They hated playing against me, but they take me on their team every day. Again, I don’t know that everybody was saying that, but that’s what I loved hearing. I think in business, I try to be that guy. I’m tough, but I’m not… You want me on your team, but at the same time, you tell me that you’re overwhelmed. You tell me how difficult it is. You tell me you don’t have time in the morning to work out, etc. I’m just not accepting it. You get the idea. I remember back in the day, I had $100,000 unsecured line of credit. I built it up. I went through a tough time. It got up to $96,000. At this stage, I called my mentor. He’s one of my best buds’ dad. The guy’s got more money than you could ever count.

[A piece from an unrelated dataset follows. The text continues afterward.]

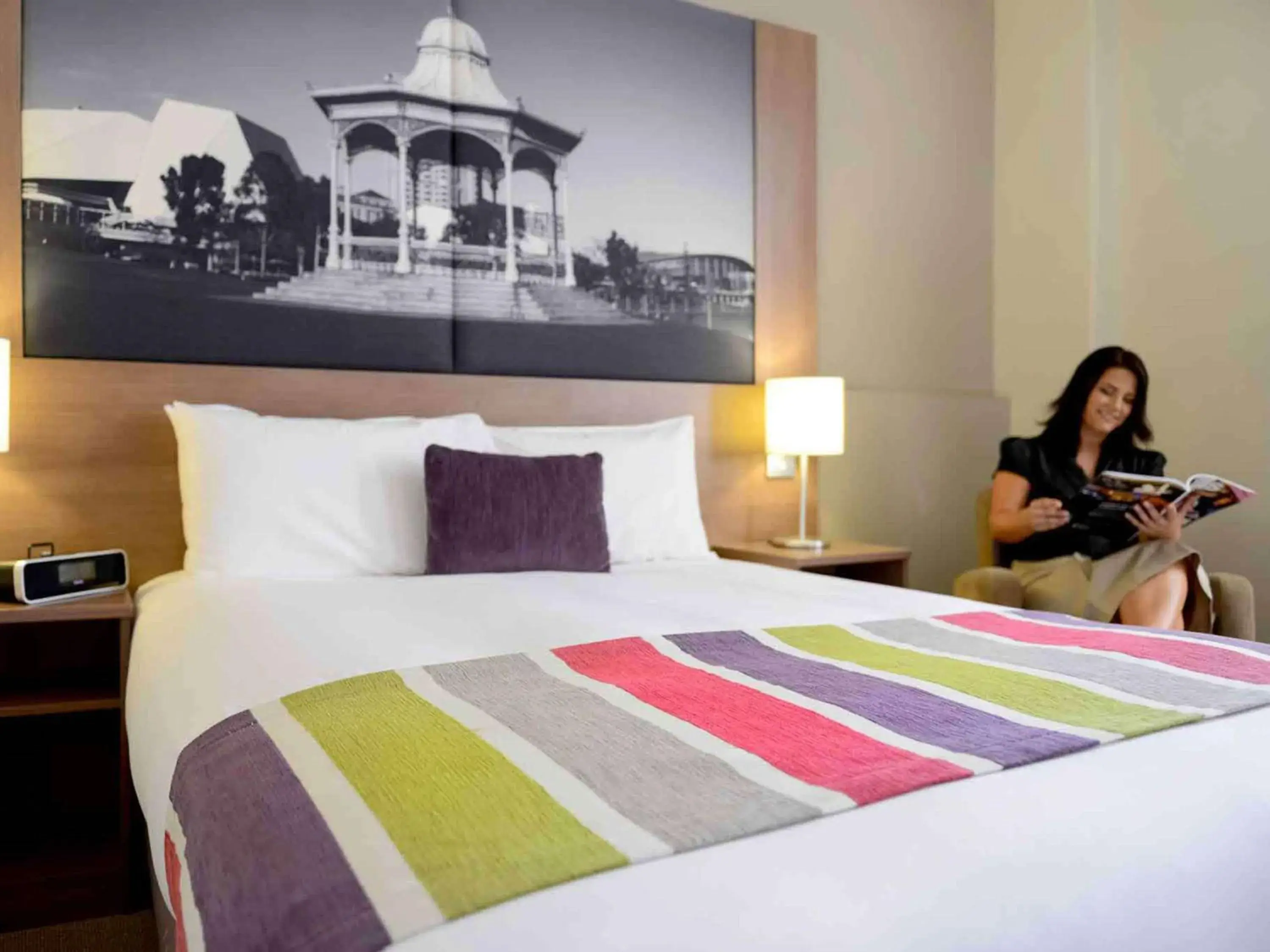 Superior Queen Room in Grosvenor Hotel Adelaide by Accor Superior Queen Room in Grosvenor Hotel Adelaide by Accor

I don’t know if he’s got a bee before it, but 500 million, I would guess, on a very bad day. I called him. I said, I had some serious financial issues. The first thing he said is I am not bailing you out. I am not sending you five cents. Do you understand that? I’m like, I got it, man.

[00:29:53.890] – Karl Bryan

There was no very clear rules of engagement with this. But rather than try beg, borrow, steal, and find a way that I could borrow money off him or anybody else, I picked up the phone and I made more sales than you could ever imagine in the next 30 days. I remember I also did a live event. We talked about this different times, RodeDog. We were going to Seattle. I was doing it for a buddy of mine who’s just getting into coaching. I said, Look, man, fill this bad boy up and then let’s do it. Basically, less than a week before he calls me, he’s like, It’s not happening. Nobody in the room. We got four people booked. Let’s quit it. Let’s stop this and let’s do it next month. Let’s have another shot at a later date. Little man syndrome kicked in and I picked up the phone. I said, No way, man. My name is attached to this thing. We’ve done a direct mail campaign, etc. Maybe some people are just going to show up out of the blue. Basically, I picked up the phone and I can’t remember exactly what these numbers are, but I put about 50 people in the room that only fit 30, and I did it less than a week.

[00:31:00.370] – Karl Bryan

And all I did is I picked up the phone and I started hammering them in private messages, social media. And I’m some fairly comfortable saying there’s no other way to describe it than mental toughness and maybe decidedness is exactly what filled that room, the end. I remember when I had a tough time when I was $96,000 in debt on a $100,000 line of credit. My mortgage, by the way, was $4,600. If that kicked in, I was in trouble. Another thing, my mentor told me was that, You better fix this, and you’ve got less than a month to do this. Because once that hits, they’re calling these loans and now you’ve got a serious problem. When I say I picked up the phone, I lived in the Pacific time zone. I was calling the Eastern time zone in the morning. I was calling my time zone in the afternoon. I was calling Hawaii later in the day. And then I was calling New Zealand after that, and I was calling Australia after that. Cold calling, picking up the phone, sending messages, going hammer and tong. Again, decidedness is what got it done. B y the way, that’s the same program.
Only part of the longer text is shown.